I am still chasing the problem at LLNL caused by this security patch.
@dongahn @jprotze Doing a "sudo pip install --upgrade pip" solves the problem but the compilation of archer fails because some definition have changed, such as "ompt_task_undeferred". @jprotze I noticed you did the last commit on archer on the master branch, did you mean to do it on the "towards_tr4" branch? Looks like that's the reason why is failing now. Let me know, I can move it to the towards_tr4 branch and maybe create a stable branch and start merging towards_tr4 with the master.
FYI -- it turned out the failures that LC TOSS systems has been caused by a security risk mitigation measure applied before the actual security patch went it. We applied:
vm.legacy_va_layout=1
Now we have the security patch applied, we will revert this to vm.legacy_va_layout=0
and Archer/Tsan should work again.
@jprotze: you mentioned you saw a similar problem on a CEA machine. Could you try
sysctl --all | grep legacy_va_layout
See what value is set for the vm.legacy_va_layout
parameter?
We had a little bit of a messy situation. The master wasn't working anymore because it had changes related to the current version of the OpenMP runtime. So I fixed all the branch and created a "stable-tr4" branch which works with the "stable-tr4" branch of the OpenMP runtime, this is also the one related to the release. Now we have the branches "last_patch" that includes the last Joachim commit and the fix for Travis CI, when I run the tests it fails about 12 of them mostly related to OMPT, which means that we probably have to update some definitions to the current version of the OpenMP runtime. I'll fix those and merge everything on master, so we'll have:
I'll also update the README to reflect all the changes.
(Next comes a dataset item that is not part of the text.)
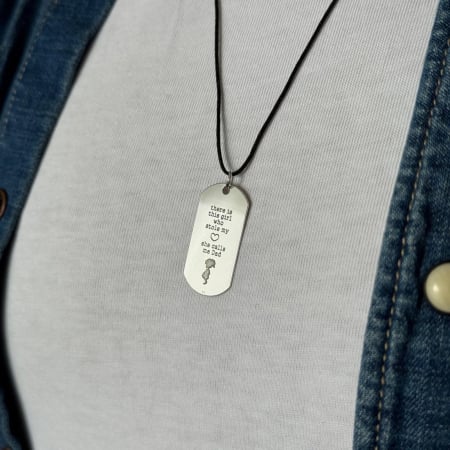 Lantisoare argint personalizate foto - Pandantiv Personalizat, Plăcuță Army 32mm, Argint 925 - Cadou pentru Tata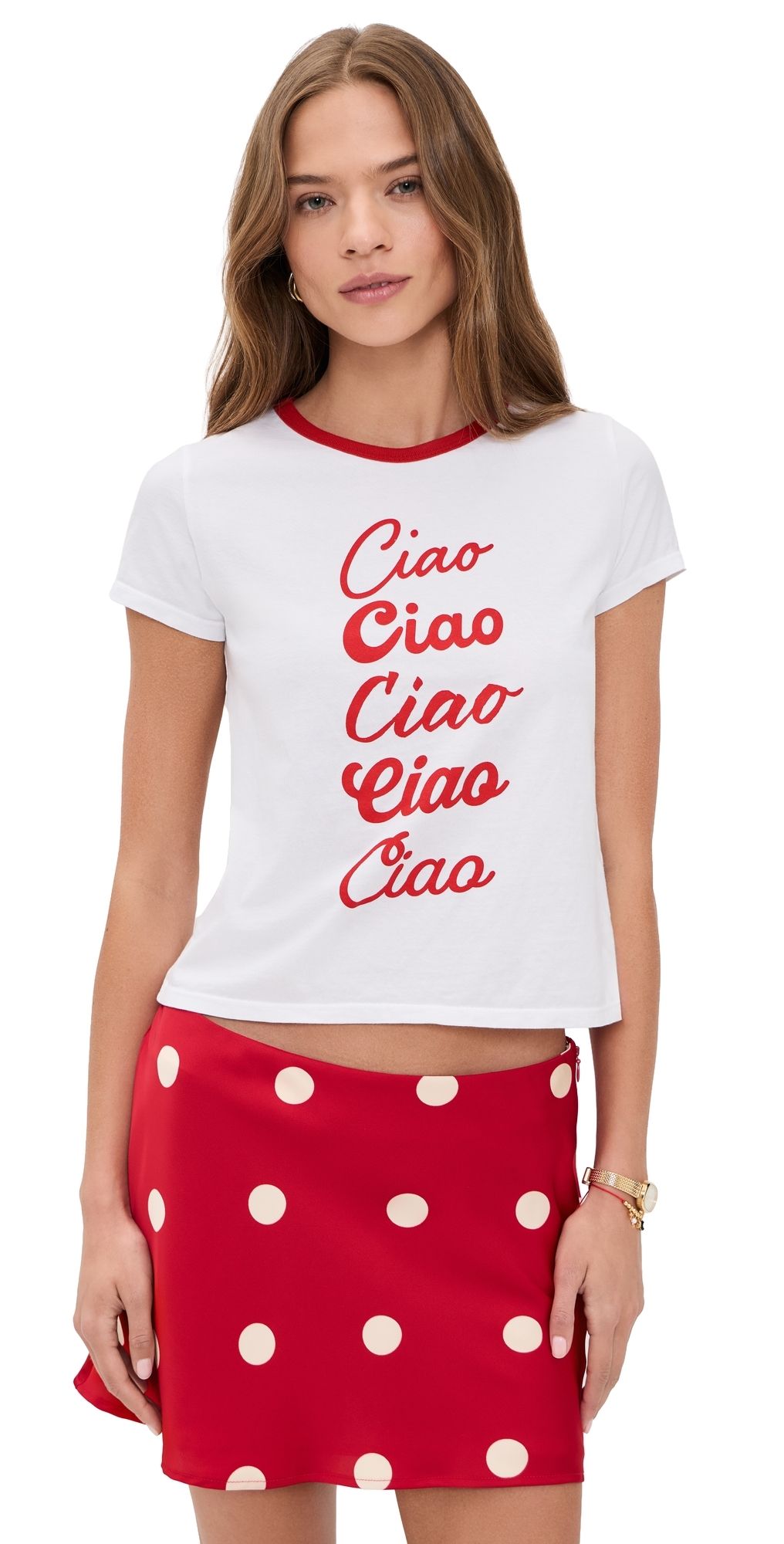 Sunny Somewhere Ciao Ciao Ringer Tee White / Red S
Once I am done with this I'll do the tests on rzmanta again to see what's still wrong with the LOMP runtime.
Great. Thank you so much @simoatze!
My account was closed in the meantime, but I asked for the value and indeed:
vm.legacy_va_layout = 1
I am a little bit confused. The OMPT version in LOMP is completely different than LLVM OpenMP. The definition in the ompt.h don't match so I can't make archer compile. Also in the last two versions (Sep and Oct) LOMP hasn't changed. Both our "stable-tr4" and the "towards_tr4" branches are based on the LLVM OpenMP runtime, so what's the plan of IBM, when are they gonna catch up? Otherwise we need to keep two version of archer one for LLVM and one for LOMP.
@simoatze: anyway we can get "green" for the Travis sooner rather than later?
@dongahn should be green now, I forgot to update the travis.xml file with the upstream OpenMP runtime.
Thanks @simoatze! This is really helpful as we will soon cover PRUNERS in various venues.
Just noticed that the logo of our Travis CI test show an error. Didn't have the time to look at this with any details.